The Medieval Review 13.09.26

Rumble, Alexander R.. Leaders of the Anglo-Saxon Church: From Bede to Stigand. Publications of the Manchester Centre for Anglo-Saxon Studies. Woodbridge: Boydell Press, 2012. Pp. xii, 204. ISBN: 9781843837008.

Reviewed by:
Richard W. Pfaff
University of North Carolina, Chapel Hill
pfaffrw@live.unc.edu

There is nothing wrong with bland titles, especially considering some of the eye-catching, colon-bearing alternatives currently popular. The nine essays here gathered together and edited by Alexander Rumble could just as well have been given titles previously used by Margaret Deanesly, Sidelights on the Anglo-Saxon Church (1962, essays supplementary to her standard history of the subject) or even by the estimable William Bright, Chapters in Early English Church History (1877, enlarged third edition 1897; covers only to 709). Certainly the salient word of the present title, "Leaders," is loosely interpreted. This is true even of Rumble's extensive introductory essay, which is explicitly on the notion of leadership rather than on individual leaders. It hinges on discussions of "Guidelines for the episcopal role" (I Timothy, Bede, and especially two pieces by Ælfric) and "Guidelines for the abbatial role" (mainly the Rule of Benedict), with a side-glance at some of the wider issues involved. Only three of the essays themselves center on individual bishops: Ecgberht of York, Wulfsige of Sherborne, and (treated together) Ælfheah and Stigand.

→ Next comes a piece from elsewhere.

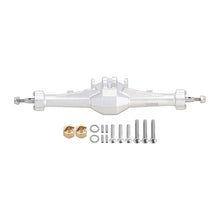 INJORA +4mm Diamond Axles With Lay Down Servo Mount & Links For 1/18 TRX4M - SILVER - HeliDirect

Bede is the inevitable starting place if, as Nicholas Higham does, one focuses on "the early English church" (note the definite article) as a single entity. This is of course entirely congruous with the force of Bede's famous title, Historia ecclesiastica. The interesting point is made that Bede spent his entire life as a monk "within a wider English church which remained subject to the authority of a single arch-diocese at Canterbury," and that in his younger years "this was a comparatively interventionist diocese" until Theodore's death in 690 (though surely it must be the bishop who is "interventionist," not the whole diocese). This sharpens the question as to how Bede, eventually the great promoter of the idea of an archbishopric based at York, came to be aware that a claim for archdiocesan status was reasonable. Higham's conclusion is that Bede's "preference was probably for a single English church led in tandem by two archbishops, one in the north and one in the south": the Gregorian pattern rather than the Theodoran.

Key to the emergence of York as a viable archiepiscopal center is the work of Ecgberht, who after three years as bishop of York became its first archbishop (735-766). His achievement is studied by Martin J. Ryan, primarily through close attention to the Succinctus dialogus ecclesiasticae institutionis, "the one text that can reasonably be assumed to have come from his pen." Almost certainly written after Bede's death in 735, extant whole in just one, late eleventh-century, manuscript, and available now through the 1878 edition in Haddan and Stubbs's Councils and Ecclesiastical Documents (III.403-13), it is not so much neglected as never adequately studied. After thorough analyses of various aspects of the Dialogus-- particularly "Sources and Methods"--Ryan concludes that the Dialogus might "be best understood as part of a correspondence between Ecgberht and one of his suffragans" (though there cannot have been many of these: how extensive are the possibilities?), and that it is "precious evidence for the Northumbrian church--and indeed, for Northumbrian society as a whole--in the eighth century." One detail concerning the wider society is specially tantalizing, the possibility that Ecgberht's answer (the work is purportedly a question-and-answer dialogue) to one question "suggests the possibility that wergilds--or at least those of the upper ranks of society--could be the subject of negociation."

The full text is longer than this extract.